PrEP use remains suboptimal among Black sexual minority men (SMM) partly due to low perceived risk for HIV (PRH). This study describes baseline results of POSSIBLE, a multicomponent pilot intervention including a peer change agent (PCA) to increase PRH among Black SMM. POSSIBLE was a theoretically guided two-session, single-group feasibility intervention in Baltimore, MD conducted between 2019 and 2021 (N = 69). Baseline study visits involved a 20-minute session with a PrEP-using PCA who used a motivational interview-based script to discuss participants' lifestyles, goals, and values, HIV risk behaviors, and PRH and tailor communication to encourage PrEP use.

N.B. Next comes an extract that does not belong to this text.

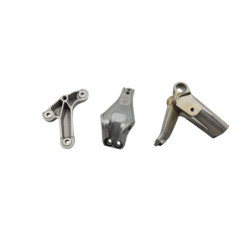 Supports moteurs DUCATI PANIGALE V4 S ABS 2020 à 2021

Bivariate analyses were conducted to assess differences in PRH before and after baseline sessions along with the correlates of PrEP referral willingness. A total of 75% of participants identified as gay; 73% were employed; 84% reported having insurance; 78% were single; 51% reported ever being diagnosed with an STI. Baseline results showed a statistically significant improvement in PRH after the first session (t=-3.09; p < .01). Additionally, 64% were willing to be referred to PrEP care after baseline; 45% of whom made a PrEP appointment. PRH was not associated with referral willingness. However, receptive anal intercourse in the previous 6 months was statistically significantly associated with referral willingness. Findings suggests that a scripted PCA could independently improve PRH among Black SMM quickly. The person-centered nature of the scripted PCA could be key to improving PrEP use among a highly marginalized and elusive community.